Please give an exact printout of the records, without any pictures.

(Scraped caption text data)
=== Section Start ===
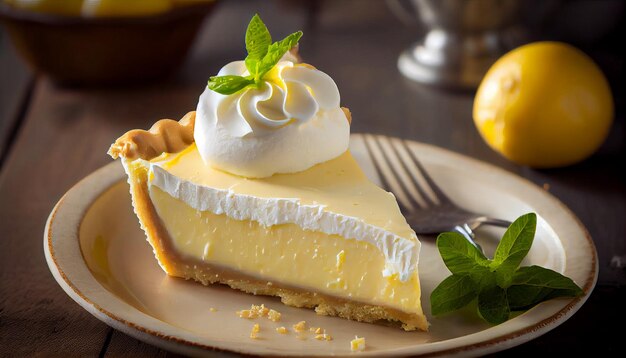 A piece of lemon cream pie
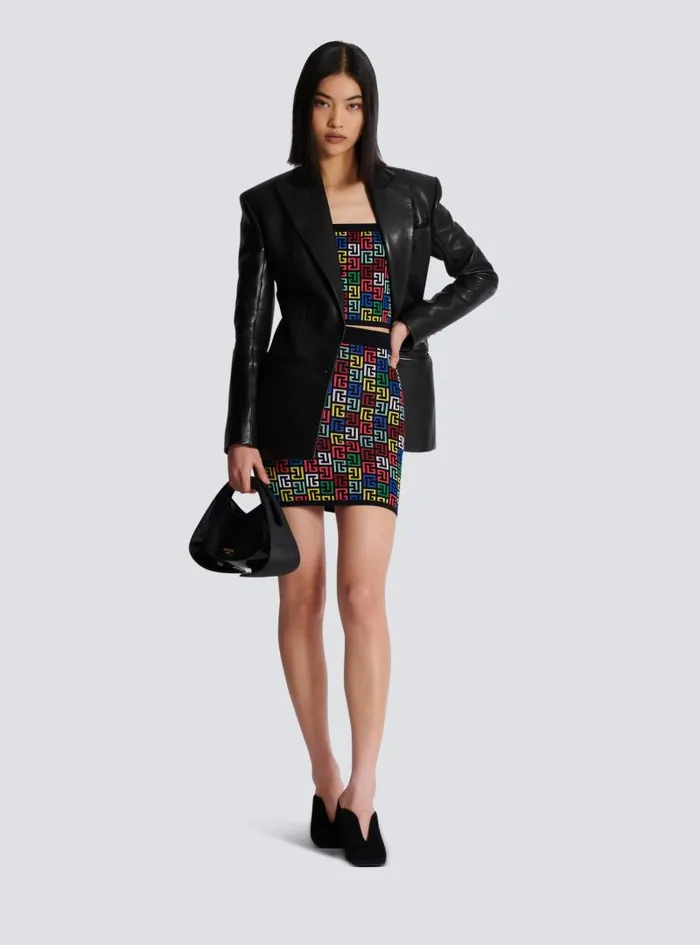 Balmain Tops And Shirts Women Halterneck Top In Pop Monogram Knit Multicolor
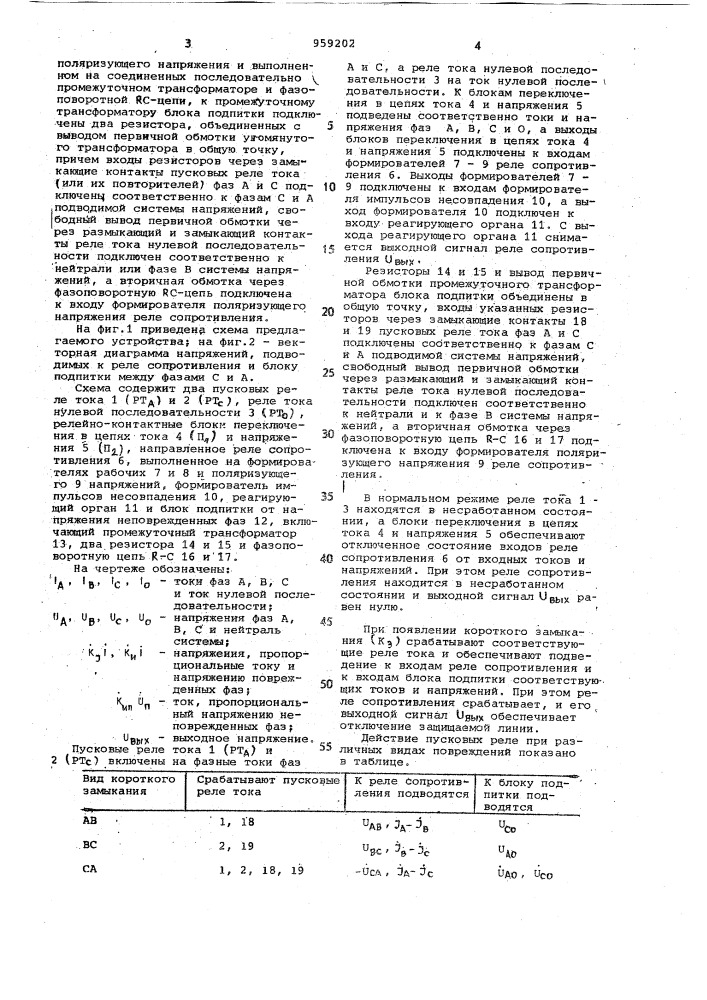 Устройство односистемной дистанционной защиты (патент 959202)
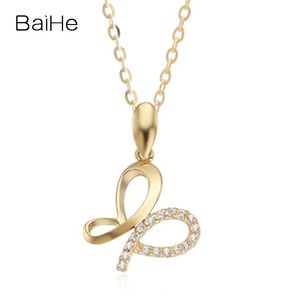 Pendant Necklaces BAIHE Solid 14K Yellow Gold 009ct HSI Natural Diamond Butterfly Pendent Necklace Women Trendy Fine Jewelry Making 231110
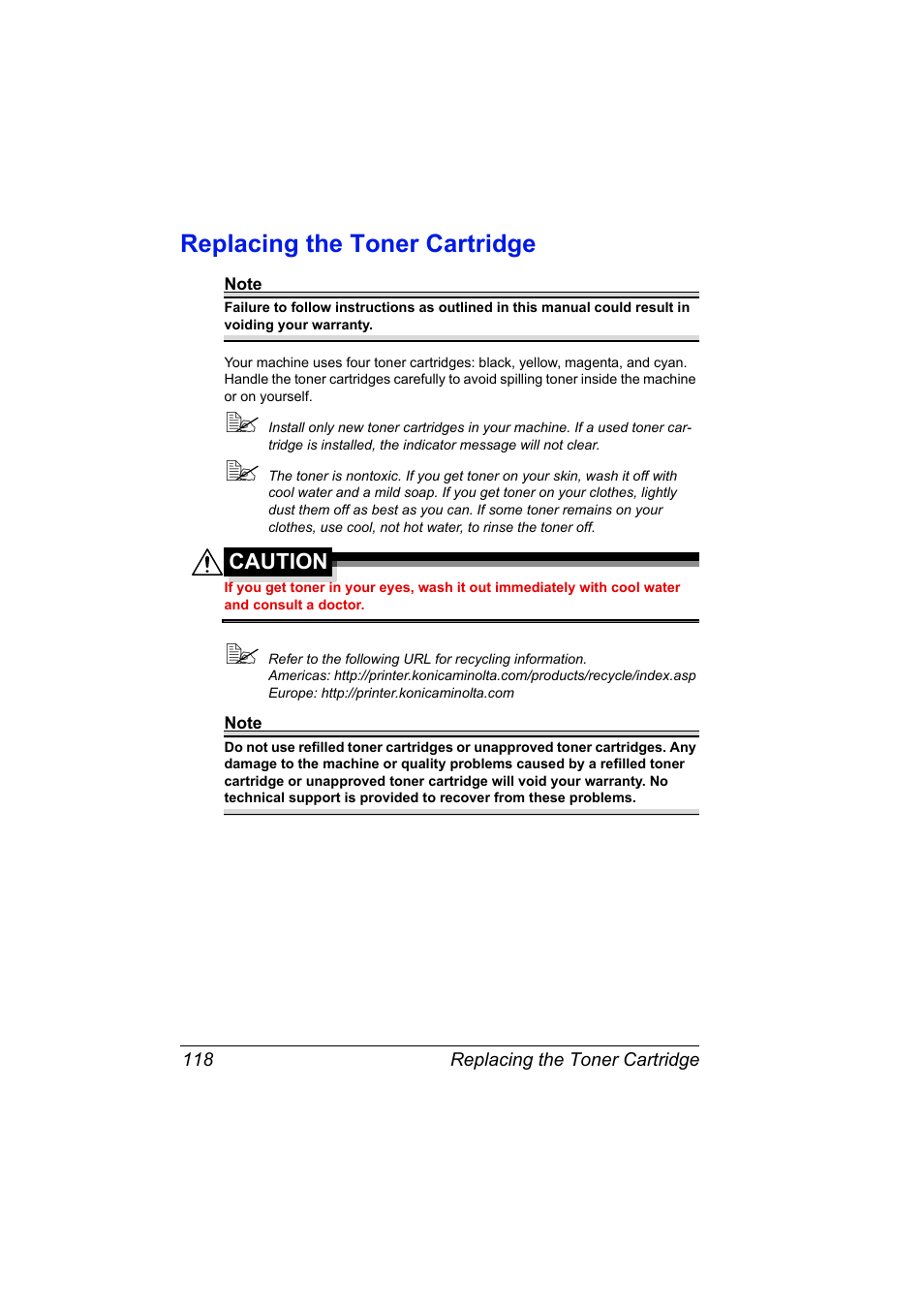Replacing the toner cartridge, Replacing the toner cartridge 118 | Konica Minolta 2490MF User Manual | Page 130 / 226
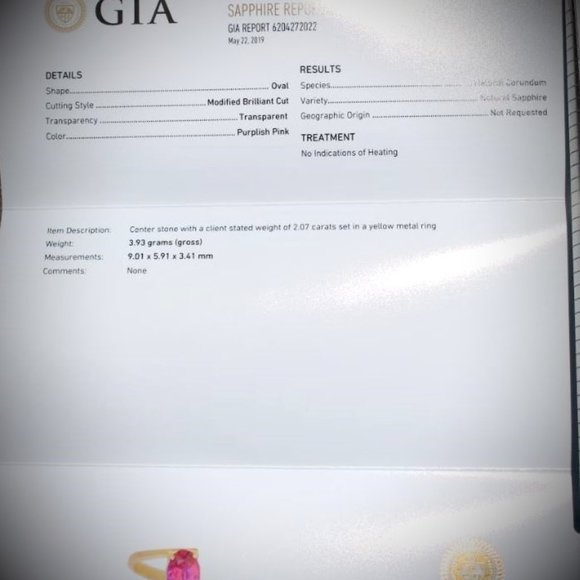GIA Purple Pink Sapphire 2.07ct Solid 22K Ring - Picture 3 of 7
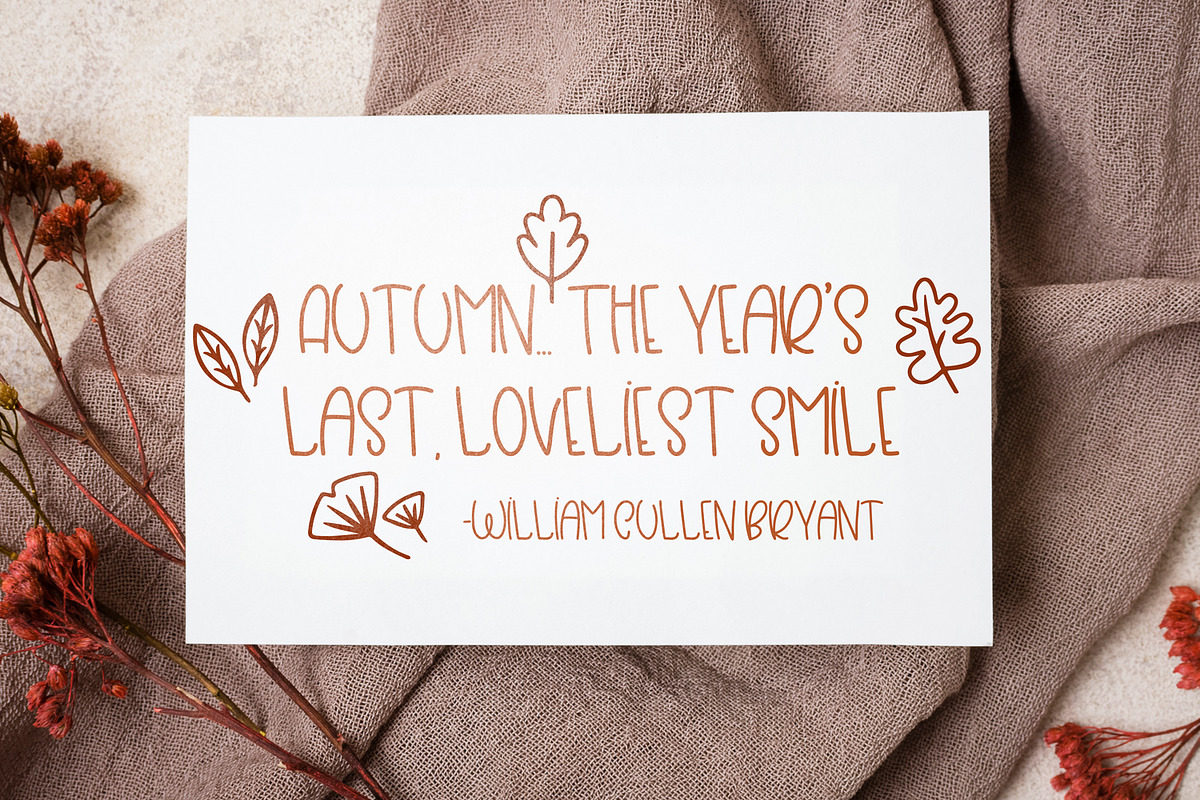 Beaver Moon - Fall Font With Doodles, a Handwritten Font by Freeling Design House (Photo 7 of 8)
=== Section End ===
**EXERCISE ANSWER**:
 A piece of lemon cream pie
 Balmain Tops And Shirts Women Halterneck Top In Pop Monogram Knit Multicolor
 Устройство односистемной дистанционной защиты (патент 959202)
 Pendant Necklaces BAIHE Solid 14K Yellow Gold 009ct HSI Natural Diamond Butterfly Pendent Necklace Women Trendy Fine Jewelry Making 231110
Replacing the toner cartridge, Replacing the toner cartridge 118 | Konica Minolta 2490MF User Manual | Page 130 / 226
GIA Purple Pink Sapphire 2.07ct Solid 22K Ring - Picture 3 of 7
 Beaver Moon - Fall Font With Doodles, a Handwritten Font by Freeling Design House (Photo 7 of 8)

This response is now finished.